University of Birmingham
Thursday 9 November 2017 (16:15-17:45)

Places may be booked by emailing Helen Harris

The Exempt Accommodation Sector in Birmingham- what is it, who lives there and how can they be engaged in its improvement?

Speaker: Thea Raisbeck, HCRG Honorary Research Associate


Birmingham has an unusually high concentration of private sector houses of multiple occupation (HMOs) operating under the 'exempt' provisions of Housing Benefit and, latterly, Universal Credit regulations. This accommodation is 'direct access', transitional in nature, and largely occupied by single homeless people; many with multiple or complex needs.
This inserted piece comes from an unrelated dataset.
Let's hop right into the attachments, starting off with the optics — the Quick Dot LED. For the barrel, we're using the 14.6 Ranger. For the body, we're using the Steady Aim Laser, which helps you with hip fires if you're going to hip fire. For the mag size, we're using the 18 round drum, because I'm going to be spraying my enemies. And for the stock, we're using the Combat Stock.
The homeless charity Crisis, alongside local partners, have identified a significant number of issues with this type of provision, including an absence of agreed or enforceable standards; varying and sometimes detrimental levels of support and supervision; the risk of entrenchment and the absence of resident choice and control.

Residents and landlords of this type of, largely non-commissioned, accommodation are a hidden, and thus vastly under-researched, group. Qualitative and peer-led research and capacity-building is required in order to embed and promote good practice, and to ensure referral pathways and avenues of support and redress cohere with, and are tailored by, resident experience and knowledge. Such work will form the core of an ongoing collaborative, cross-sector response to 'exempt' accommodation, which will aid and inform the transition to a devolved funding regime for supported housing, planned for implementation in April 2019.
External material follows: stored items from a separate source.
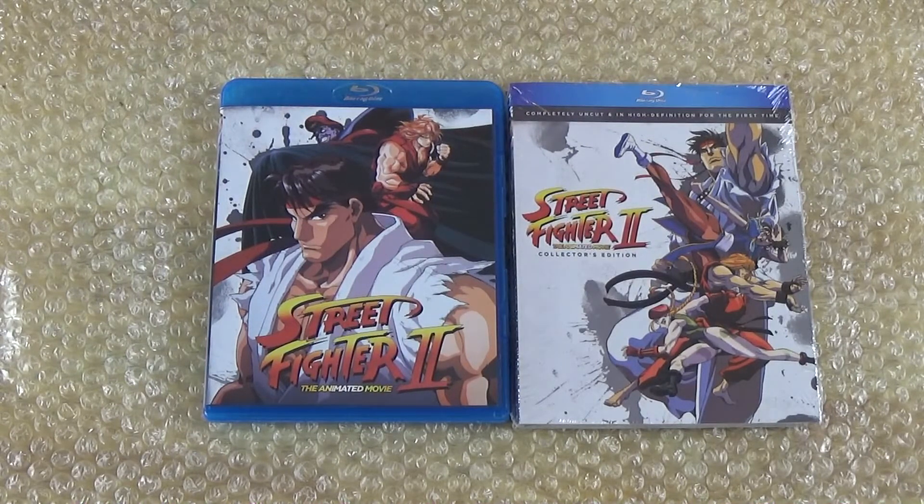My only dislike about it is that I felt they made Bison a little too powerful — he was just unstoppable in a sense. I mean, he was such a tough character in Street Fighter 2 The World Warrior. That's one game I just remember playing in the arcades — this guy had no mercy with the scissor kicks and his specials. Then when they did Street Fighter 2 Champion Edition, they kind of made him a little more beatable, gave you a break. But again, so many memories of watching this movie.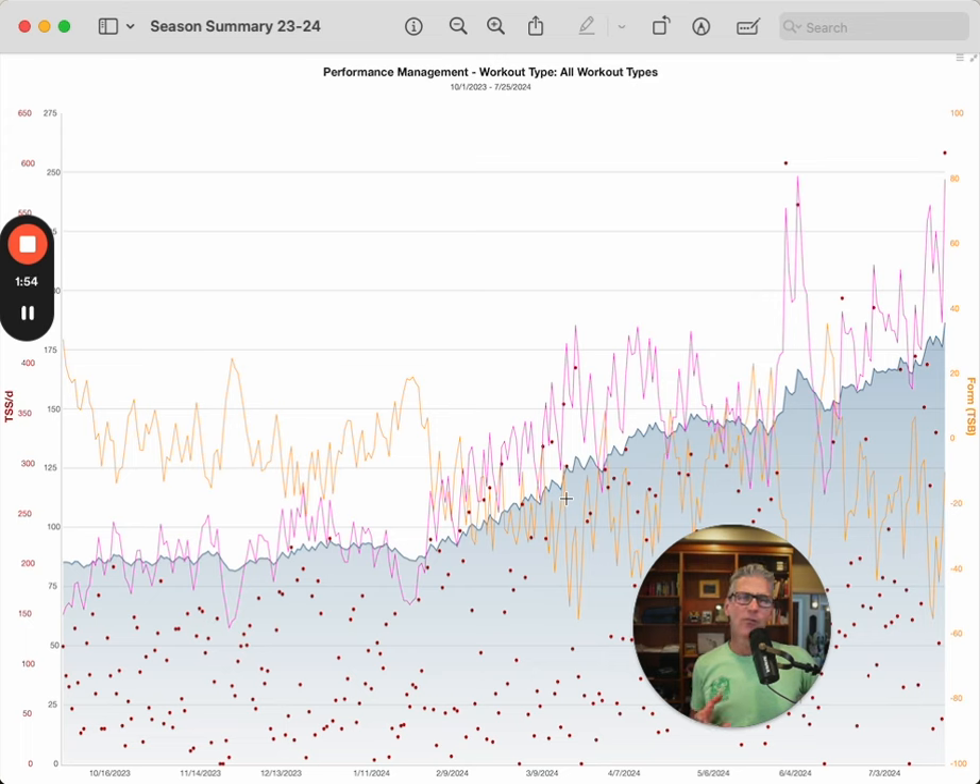The first thing I managed to get right this year is season pacing — pacing the season. This chart runs from October to the end of July. The first few months are really about just getting the body going with nice balanced training. I was working on my running as well as building up my strength training, and I wasn't pushing the volume or the load. I was very patient with my approach across the winter.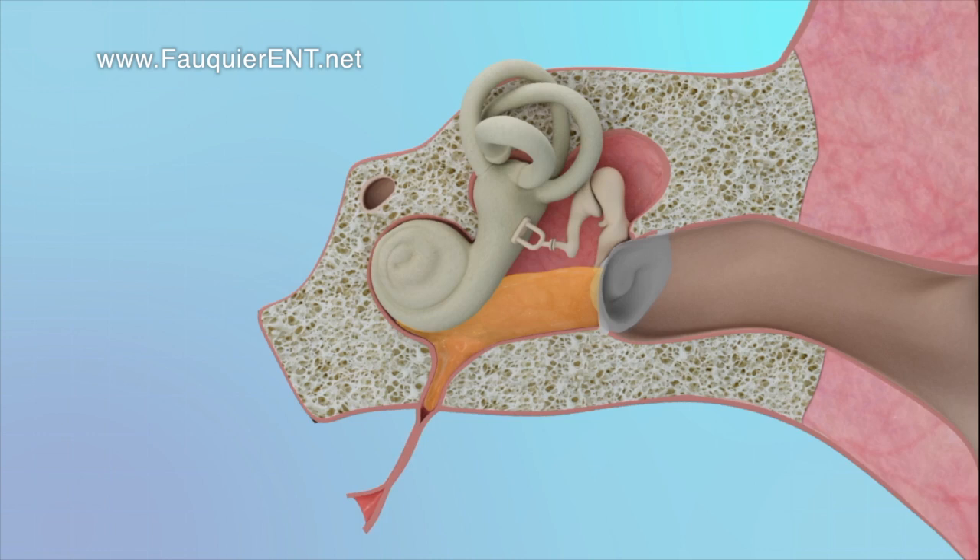If any fluid is present, each time the ear is popped, the fluid drains out of the middle ear, resolving any hearing loss that may be present because of the fluid. With good middle ear ventilation through ear popping, it will also minimize ear infections and decrease the need to have ear tubes placed.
This seminar will examine the background, rationale and work-streams of this 'exempt' accommodation project in detail and make the case for its wider relevance to research and policy issues around shared living for homeless and other vulnerable groups.
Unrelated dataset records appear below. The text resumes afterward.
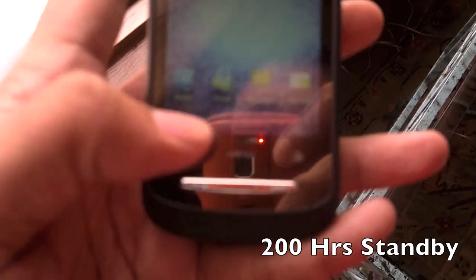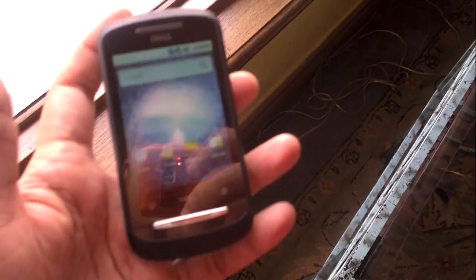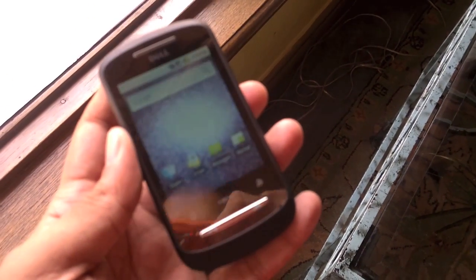There are also touch sensitive buttons right there, as you can see, in addition to the calling buttons, so that's pretty cool. Yeah, so that's about it — same old thing, nothing actually new, but we have more detailed posts on the website.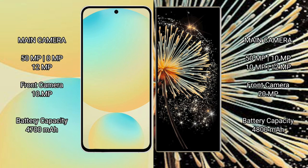Samsung Galaxy S24 FE features a triple rear camera setup, with a 50MP main, 8MP, and 10MP lens, plus a 10MP front camera. Xiaomi Mix Fold 3 features a quad rear camera setup with a 50MP main, 10MP, 10MP, and 12MP lens, plus a 20MP front camera.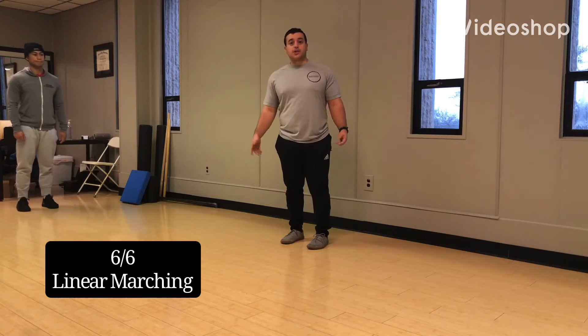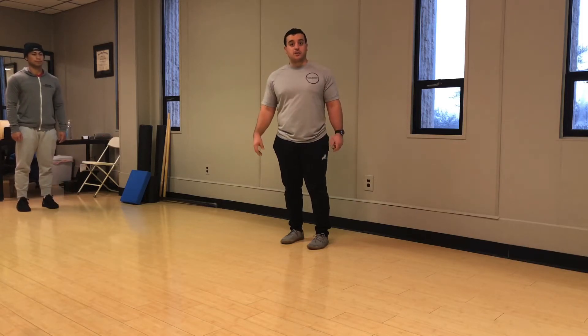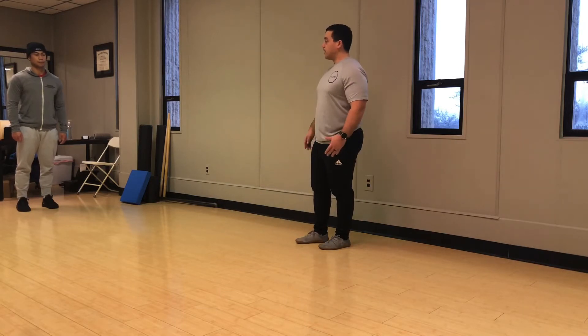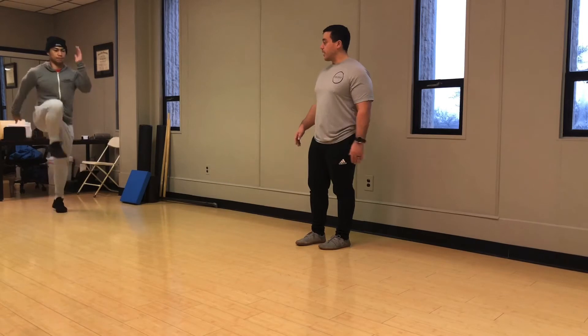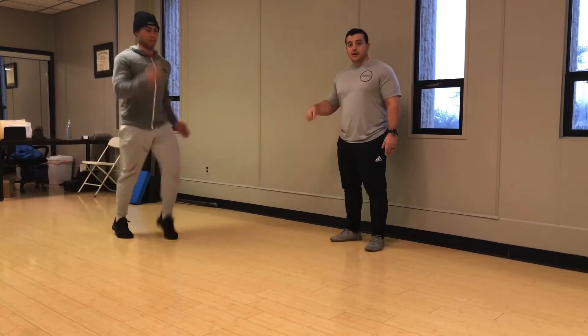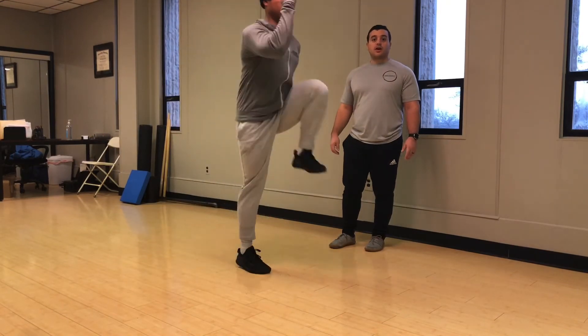Josel is going to introduce a marching pattern which is going to mimic how he's going to run and introduce some of those forces. So he's going to start down here, going opposite arm and leg, trying to push the foot through the ground, staying nice and tall, driving his foot all the way through the ground so that it kind of pops the other leg off.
Thea is a housing specialist for the national homeless charity, Crisis, and has over ten years' experience working within Third Sector housing and homelessness projects.

She has a BA (English) and an MA (Social Policy) from the University of Birmingham and is currently an Honorary Research Associate within the Housing and Communities Research Group. Thea combines frontline and practitioner experience with her research and campaigning interests and believes strongly that those adversely affected by social policies must be involved in any attempts to reform or improve them. She is currently working on a collaborative, cross-sector project to address the problems inherent to supported 'exempt' accommodation within Birmingham.

Thea is also a trustee for a charity supporting women and girls at risk of sexual exploitation and is involved in various campaigning and activist groups, with particular interests in domestic abuse, homelessness, social housing and refugee and migrant rights.  


4.15 Introduction and Welcome: David Mullins 

4.20 Presentation: Thea Raisbeck 

5.00 Questions and Discussion 

5.45 Seminar Concludes, networking continues in Staff House Bar

 This Housing and Communities Research Network seminar is free and all are welcome to attend.